_Task to carry out_. Only the pictures are to be dropped, and the rest of the data should be copied exactly.

_Information shown_.
>>>

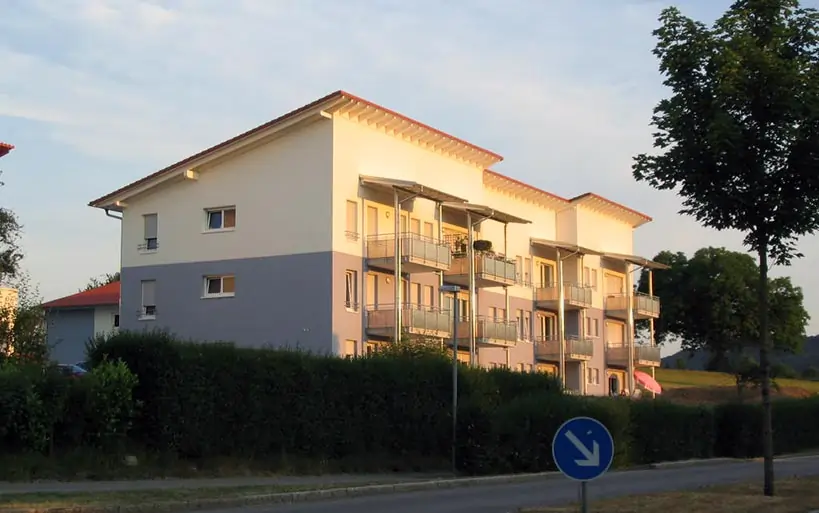 Modernes Mehrfamilienhaus mit mehreren Balkonen und zweifarbiger Fassade in ruhiger Wohngegend.
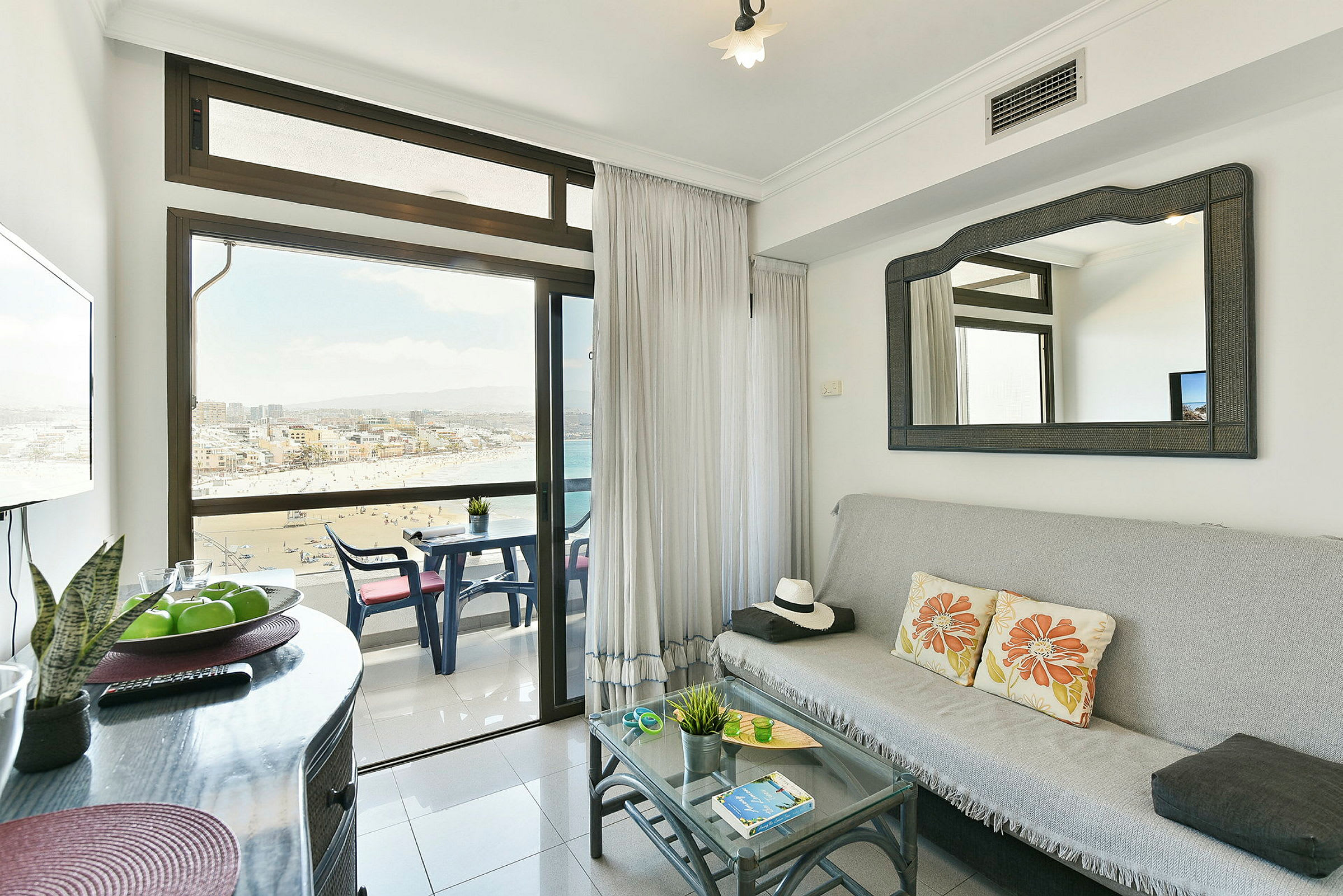 Stue med glasbord, sofa, spejl og altan med udsigt til stranden. (AI-genereret tekst)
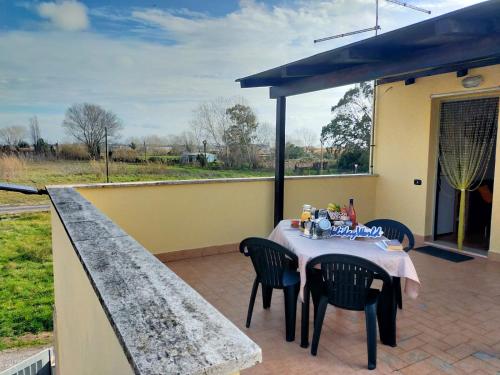 a table and chairs sitting on a patio at RicHouse by Holiday World in Fiumicino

<<<

_Exercise result_.
 Modernes Mehrfamilienhaus mit mehreren Balkonen und zweifarbiger Fassade in ruhiger Wohngegend.
 Stue med glasbord, sofa, spejl og altan med udsigt til stranden. (AI-genereret tekst)
 a table and chairs sitting on a patio at RicHouse by Holiday World in Fiumicino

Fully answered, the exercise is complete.